I currently have 12(!) bar graphs to separate out the high, low, and middle of the dynamic ranges, with a set containing treatments within one location and a set comparing treatments withing another location, so 3x3x2 graphs. There's gotta be a better way.
- Mr. Gunn
what do your data look like ? can we see one or two rows of data ?
- Pierre Lindenbaum
sure, let me throw it into google spreadsheet
- Mr. Gunn
looking at your data... first (stupid) observation: it wouldn't it be easier to handle in a table with four columns Treatment,Property-Name,Place,Result ?
- Pierre Lindenbaum
... with those four columns you could upload your data in a SQL engine a make aggregates (group by,sum,mean...)
- Pierre Lindenbaum
Thanks, Pierre. I guess I asked a vague question, maybe because I'm not really sure what I want. I want to display the quantititive differences between the treatment groups for each property, and it's hard to display the differences in a compact manner with the values spanning such a large range. I've tried taking the log of the data, but that makes it harder to read and not nearly as clear.
- Mr. Gunn
linear model/anova with terms for the categories you are looking at? Or PCA across the matrix, zero out component(s) specifying location, home in on treatment-informative axes (tracey-widom stats are useful here). LM is certainly simpler: upload as table into R then go: lm(prop1 ~ location + source + treatment, data=myTable). Look at the qqnorm() for the residuals, which should lie on the diagonal if you're modelling things correctly (ie your predictors are linear). Otherwise you will have to do adaptive fitting of the explanatory variables (using something like gam() from the mgcv package).
- Chris Cotsapas
If you then want to compare properties apples-to-apples, you can convert them into Z scores (ie standardize) as foreach (property P) foreach(sample i) (P_i - mean(P))/sd(P)
- Chris Cotsapas
Chris, I thought about PCA, but I thought it might be a bit overkill, since I already know the main important dimensions.
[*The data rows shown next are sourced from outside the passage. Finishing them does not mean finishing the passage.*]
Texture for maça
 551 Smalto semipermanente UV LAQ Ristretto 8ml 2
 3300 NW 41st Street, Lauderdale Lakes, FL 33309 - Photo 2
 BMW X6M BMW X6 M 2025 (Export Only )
I'm a bit limited on how I can do transformations of the data, too, since they all have their own characteristic units and the numbers will be interpreted in the context of the known normal ranges.
- Mr. Gunn
Lm should still work. Each prop is handled differently so units aren't a problem.
- Chris Cotsapas
from Nambu
Props to @JATetro for pointing out that I just needed to take the relative differences, which collapses everything into the same range, making it graphable on the same chart.
- Mr. Gunn
I was going to suggest taking logs to achieve the same end, but relative diffs is better. Again (http://friendfeed.com/the-lif...), kudos all round: this is a great example of community in action.
- Bill Hooker
Yes, I was thrilled to have so many good suggestions from skilled people. Bill - I tried the log thing, but it makes the comparisons less visually apparent. Taking %diff messes up the units, so I'll have to put that in as table or something, but the good thing about it is cuts the number of data points in half.
- Mr. Gunn
@chris I think the R function scale(matrix) does a similar approach of standising data using root mean square instead of standard deviation. You can use it on a whole data matrix rather than looping each variable.
- Michael Barton
I agree with Chris to recommend to standardising the data if you doing any modelling, as this can prevent over-variation of individual parameters biasing model estimation.
- Michael Barton